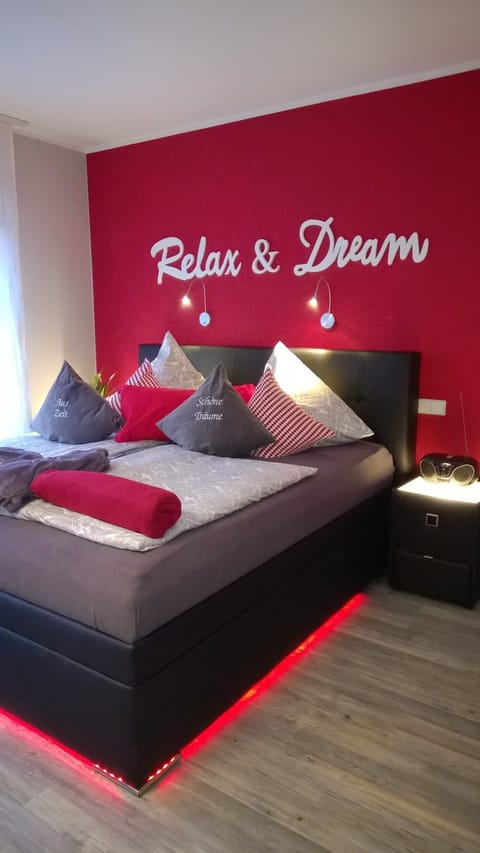 Double Room, Non Smoking | Premium bedding, in-room safe, individually decorated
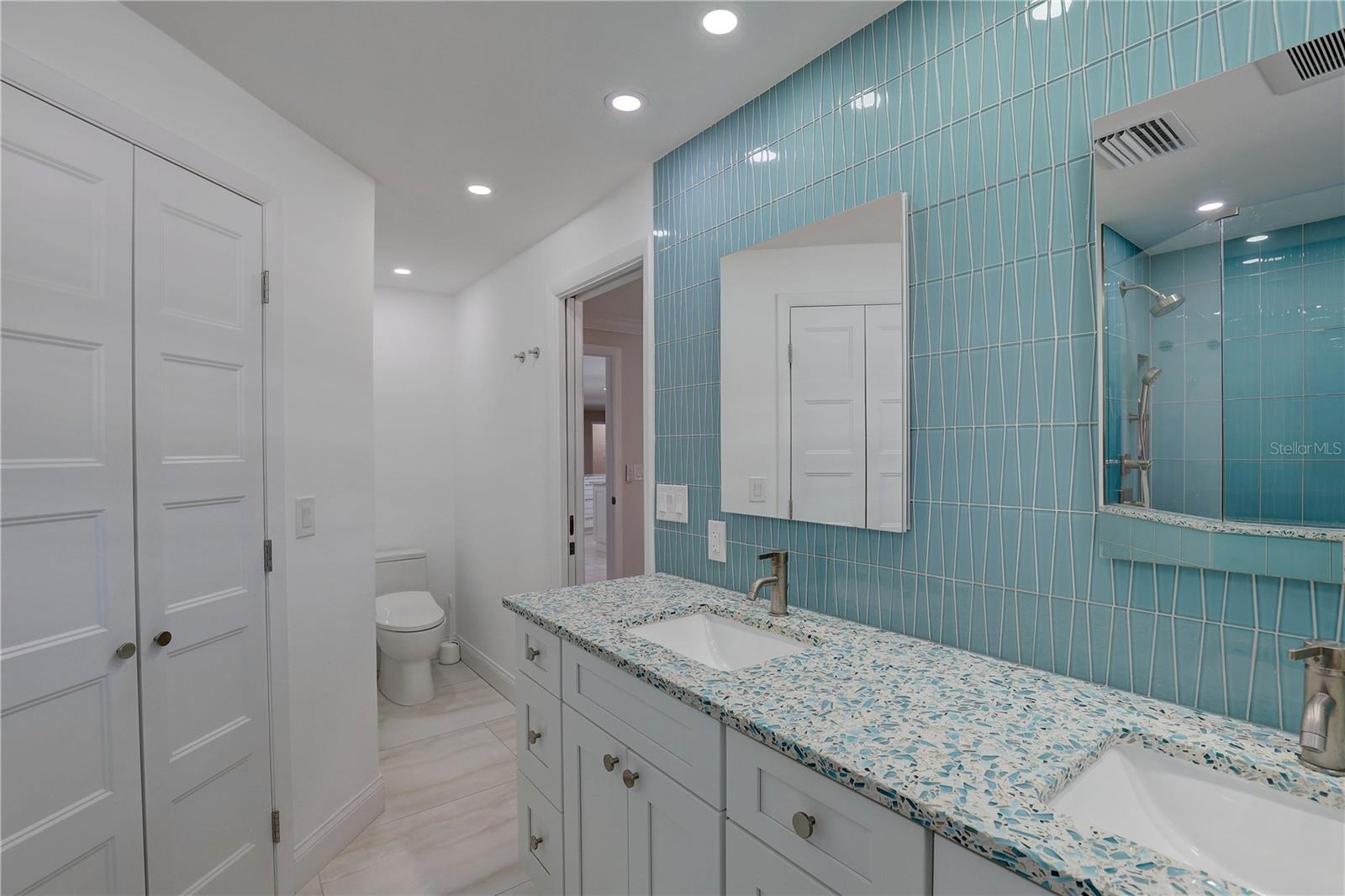 Image 33 of 71 For 4401 43rd Street S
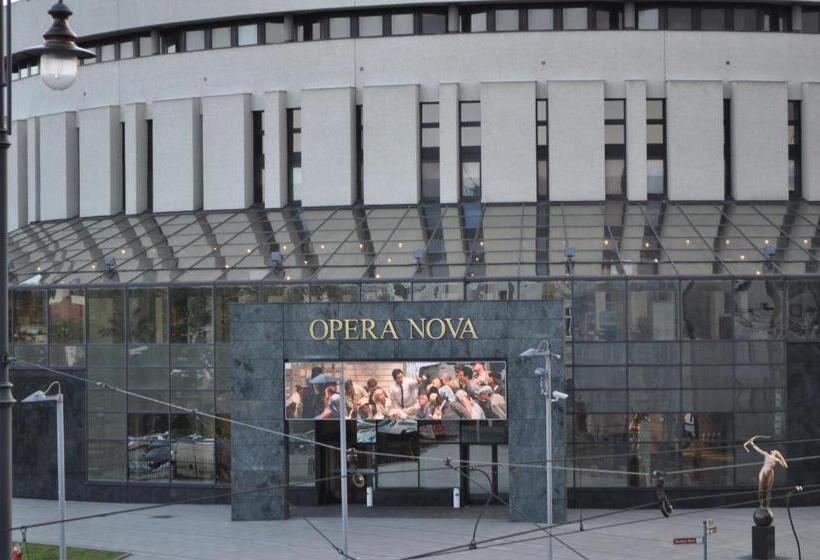 اتاق استاندارد سه نفره, Operahostel
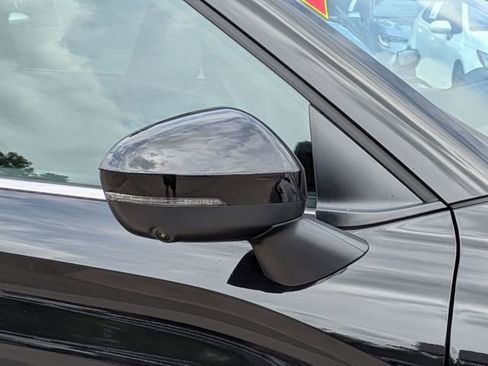 New 2026 Mitsubishi Outlander SE image 12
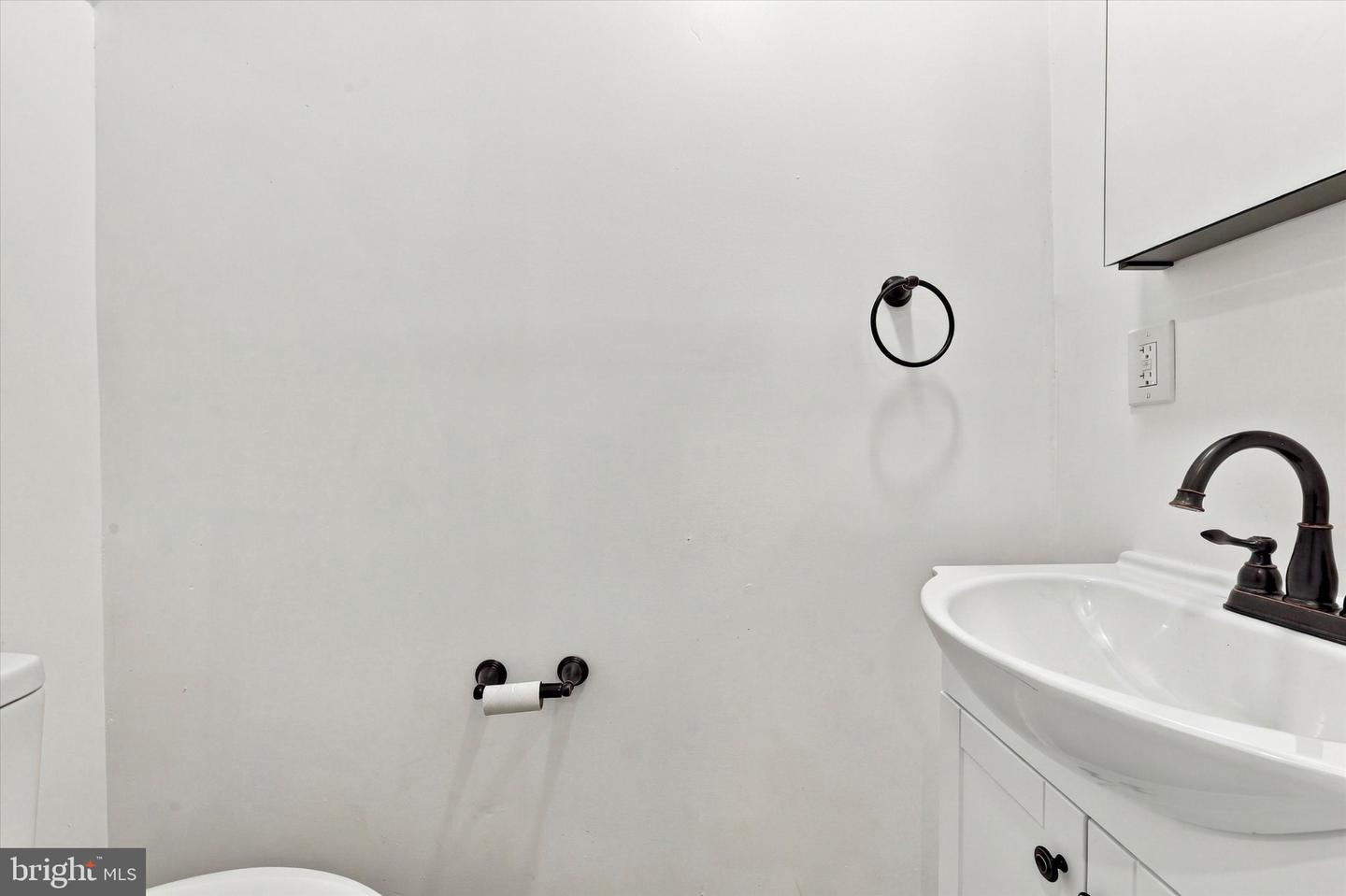 5037 Chancellor St Property Photo 11
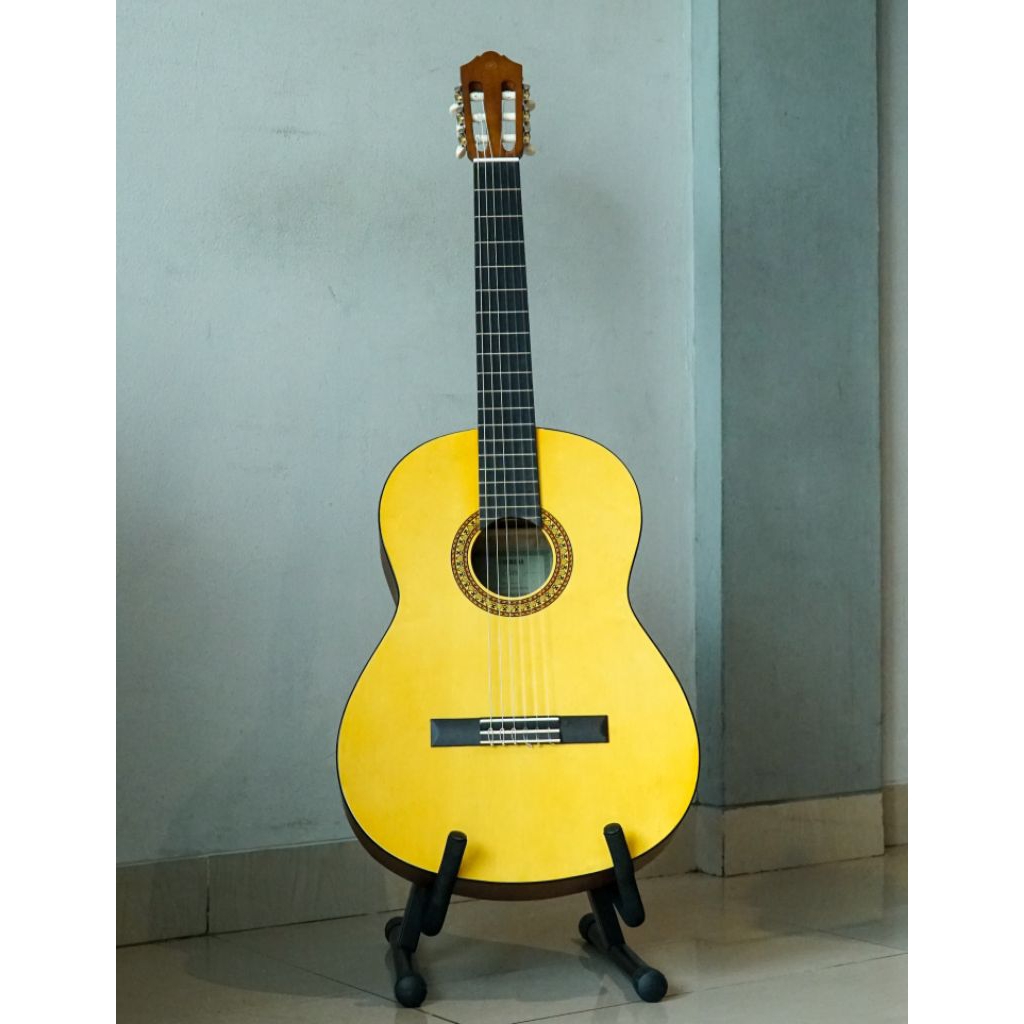 Yamaha C315 Classical Guitar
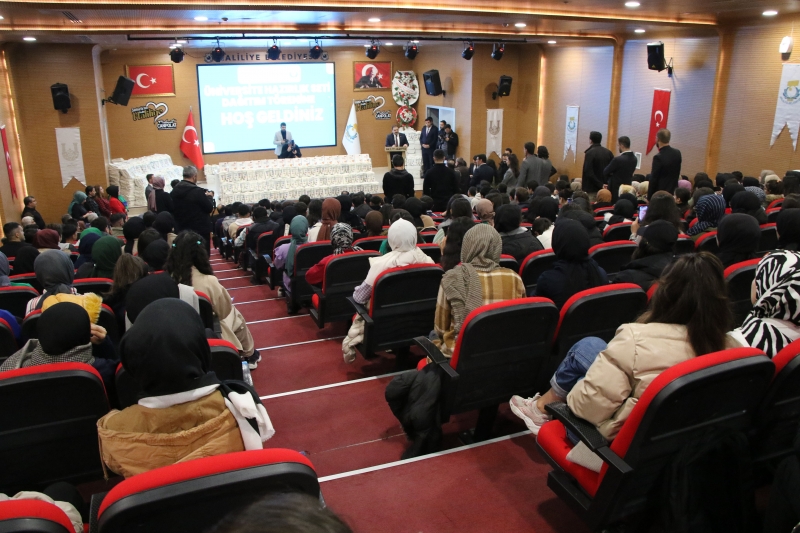 400 ÖĞRENCİNİN ÜNİVERSİTE HAZIRLIK SETİ HALİLİYE BELEDİYESİNDEN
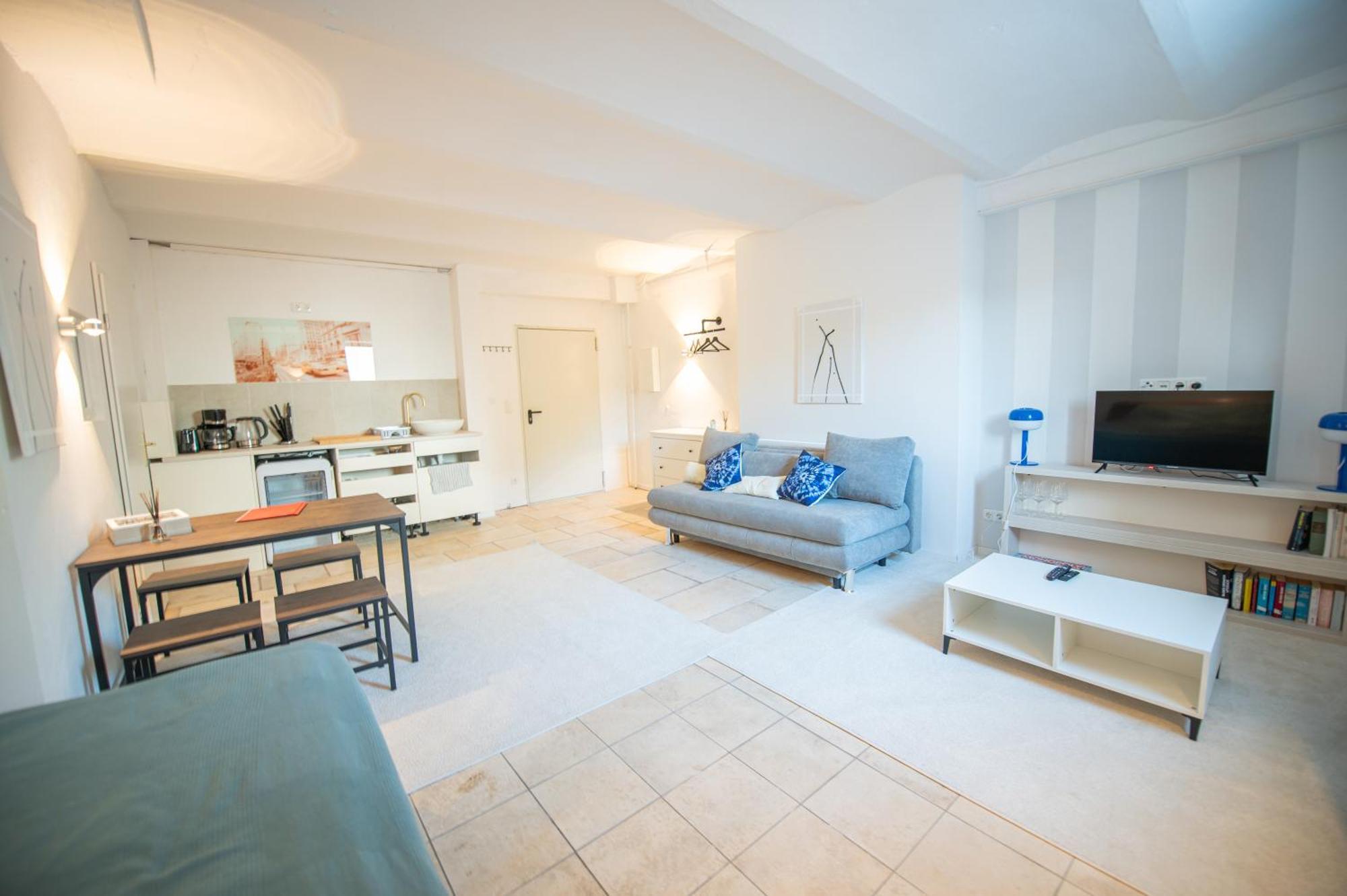 Kingsize Bett, Nahe Stadt Und Alster, Ruhig Appartement *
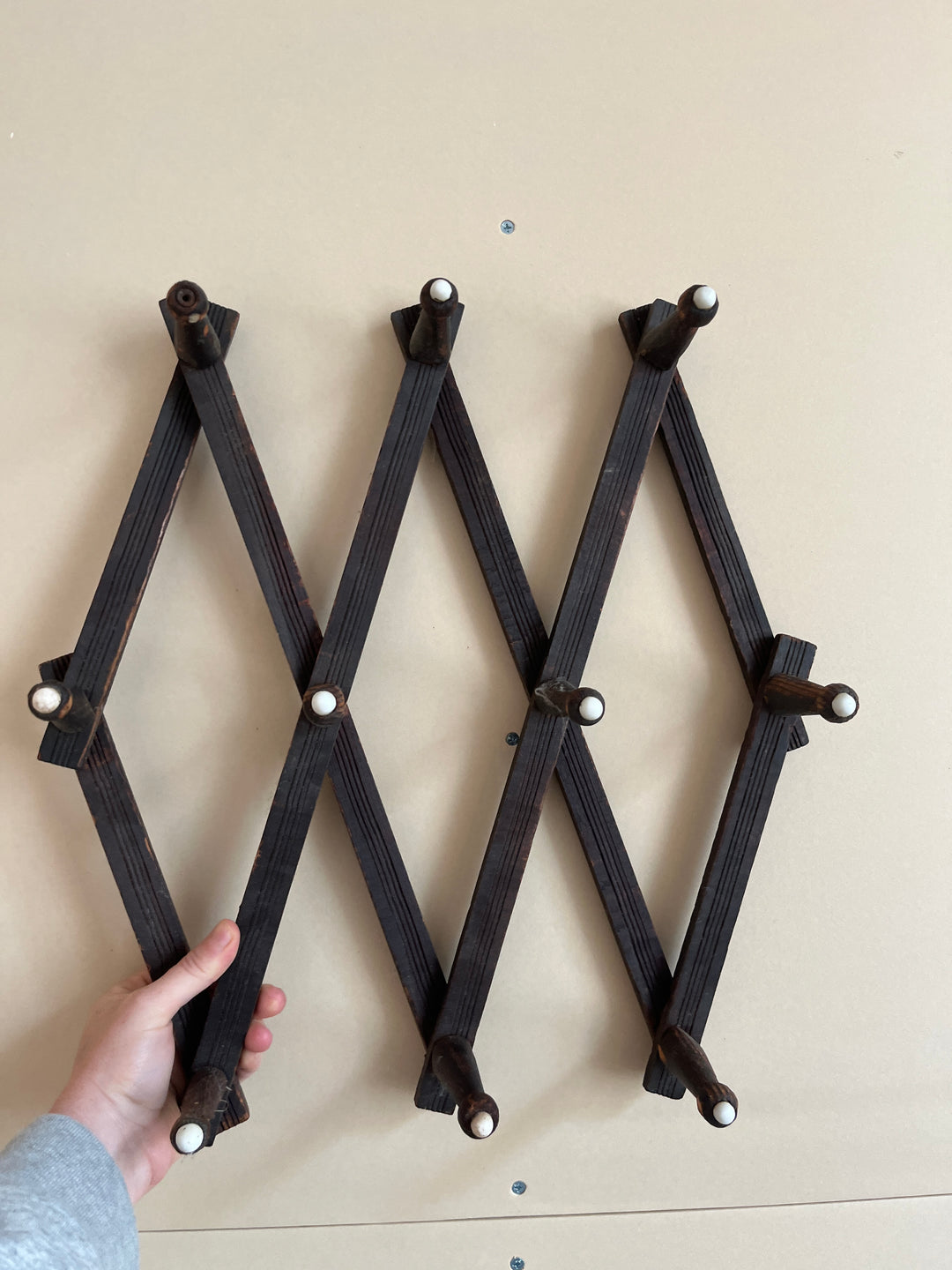 Expanding Coat Rack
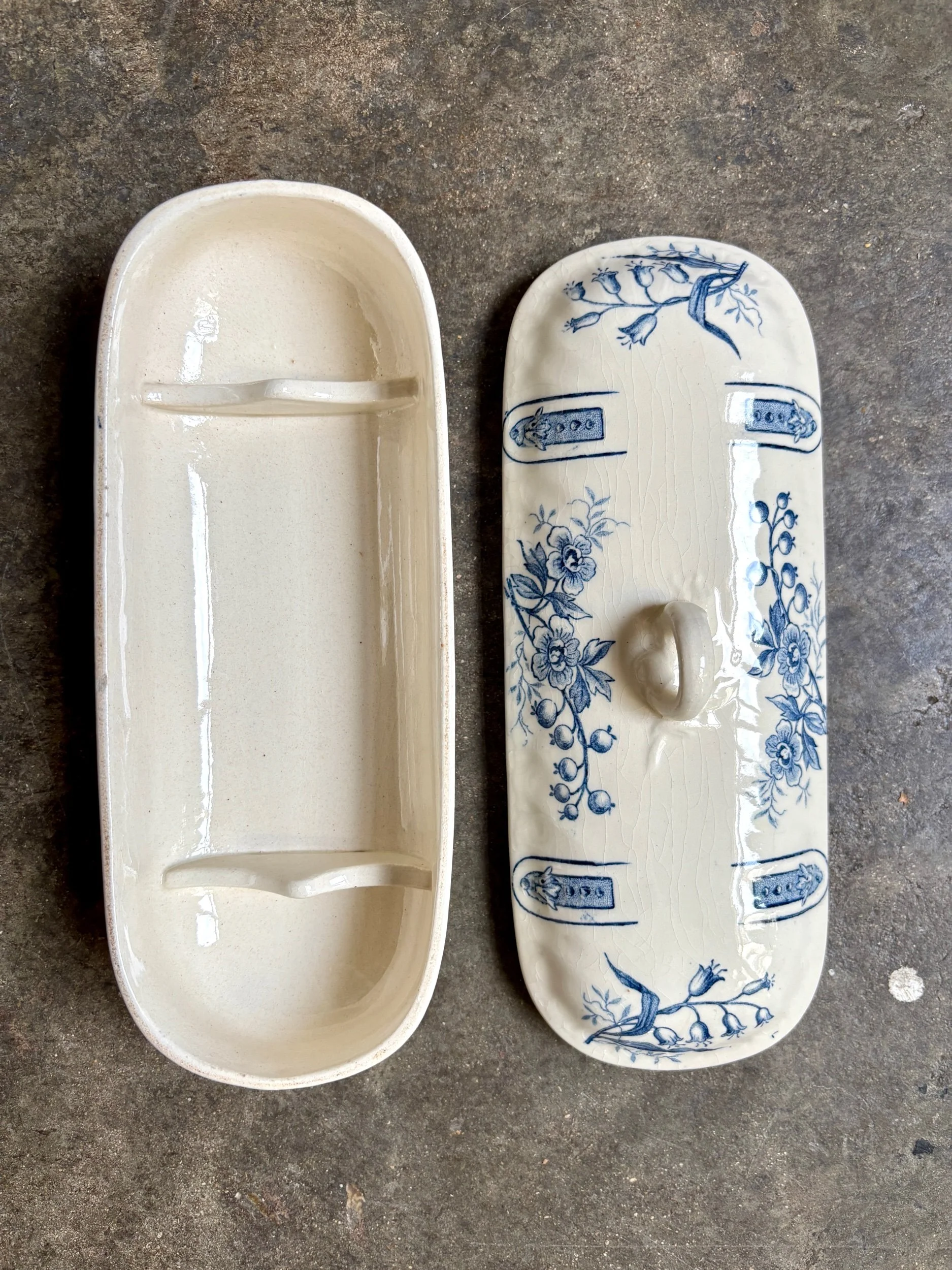 boite-peigne-vide-poche-gien-lamballe-terre-de-fer-blanc-bleu-decoration-rangement-vintage-axs-design-paris-france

________

• _What you are asked to do_:
Write out the data above in full and exactly, but without the pictures.

• _Exercise solution_:
 Double Room, Non Smoking | Premium bedding, in-room safe, individually decorated
 Image 33 of 71 For 4401 43rd Street S
 اتاق استاندارد سه نفره, Operahostel
 New 2026 Mitsubishi Outlander SE image 12
 5037 Chancellor St Property Photo 11
 Yamaha C315 Classical Guitar
 400 ÖĞRENCİNİN ÜNİVERSİTE HAZIRLIK SETİ HALİLİYE BELEDİYESİNDEN
 Kingsize Bett, Nahe Stadt Und Alster, Ruhig Appartement *
 Expanding Coat Rack
 boite-peigne-vide-poche-gien-lamballe-terre-de-fer-blanc-bleu-decoration-rangement-vintage-axs-design-paris-france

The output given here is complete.